Friday 9 September 2011

CNC pick and place machine update

After an evening at BuildBrighton, exchanging ideas and motor control circuits, we've had a re-think about our CNC-based pick-and-place machine. In fact, we've had several re-thinks, returned to abandoned ideas, discarded previously agreed ideas and gone around in circles enough times to make everyone very, very dizzy!

At first, we concentrated on making a machine that would be simple to understand during it's construction.
We concentrated on theoretical accuracy - using a small angle stepper motor, relatively few teeth on the cog, sticking to numbers that were easily divisible and so on. The problem with this approach is that actually obtaining parts is quite difficult - 1.8deg steppers are quite expensive (£20/unit) wereas cheaper, salvageable motors (from printers, cd drives etc) are more difficult to drive, and have peculiar voltage requirements.

Our compromise is this -

Where possible, use parts that can be salvaged from easily obtained hardware.
An old, obsolete PC could be a major source of parts - the power supply gives us multiple 5V and 12V supplies, the CD and floppy drives provide 4-wire (2 phase) stepper motors, specifically designed to run on 5V/12V. The IDE cables are perfect for connecting homemade PCBs to other parts on the machine (old hard drive cables use 0.1" pitch, the same as breadboard prototyping and lots of through-hole components, pin-headers etc).

Rather than concentrating on using motors and belts that make the maths for calculating steps per mm easier, we're going to build a machine that works with mostly salvaged parts.

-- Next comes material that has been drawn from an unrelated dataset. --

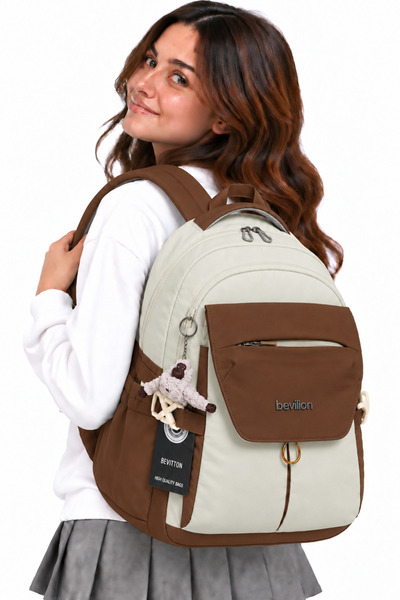 Harmela Waterproof Fabric Unisex Daily School Backpack 2601 Water Green-Tan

The final device will be a "puppet and playback" machine - the user will manually position the picking head either using buttons on the machine, or using a PC/software interface, then record the co-ordinates (in terms of steps rather than mm from a known origin) back to the PC/eeprom memory. Once one complete "animation" has been recorded, the script can be played back over and over again.

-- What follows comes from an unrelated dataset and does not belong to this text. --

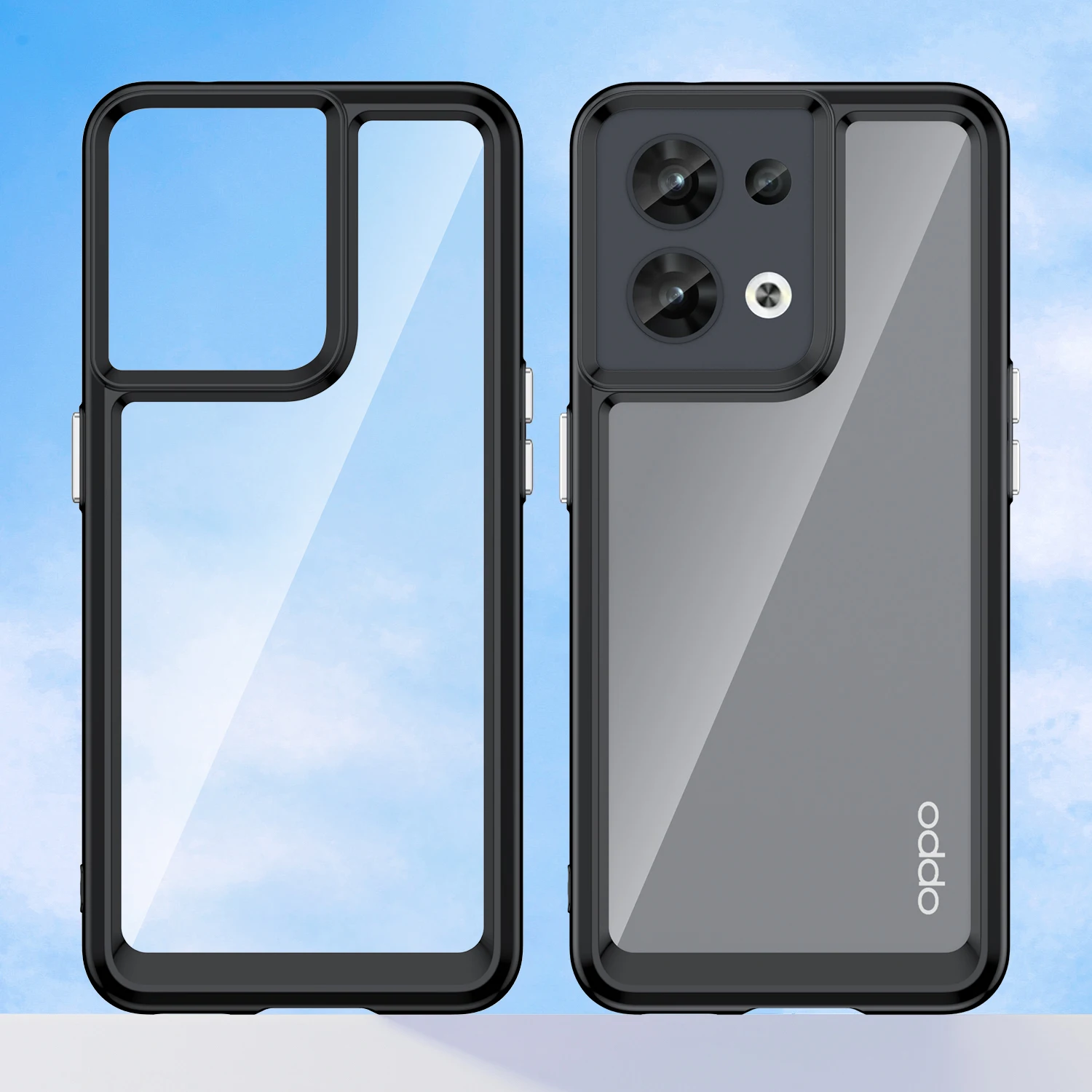 For OPPO Reno 8 5G Clear Case Reno 8 Cover Funda Shell Hard Translucent Soft Frame Shockproof Bumper For OPPO Reno 8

This way, the actual accuracy of the device becomes less important - it just has to be "accurate enough" to pick up a component and place it on the board. We're not going to be loading g-code type files into the device, or have to do tricky conversions from one format to another. The machine will simply use a record-the-steps-and-play-them-back approach for placing the components. So the actual distances travelled and units used won't matter; if you're using 1.8 deg steppers and half-stepping to give 400 steps/rev, with a 5mm belt, it doesn't matter how far between components the head moves: the machine will simply remember x number of steps on the x-axis and y number of steps along the y-axis. Someone using a machine with 7.5 deg steppers will simply have fewer steps in each axis to travel the same physical distance.

Talking of belts, we've decided to ditch them and go with a rack-and-pinion system.
This means we're removing another potentially costly part from the bill of materials - a 1.25mm belt can be had from a printer or a scanner, but it may be 1.2mm, or 1.25mm, or the imperial equivalent, a 0.05" pitch belt. All these belts need to have the right pulley or cog, with the teeth exactly spaced to match the belt.

By using a rack and pinion approach, everyone can use the same set of laser-cutting templates, and matching the right pulley/cog to your (possibly unknown) belt is no longer an issue.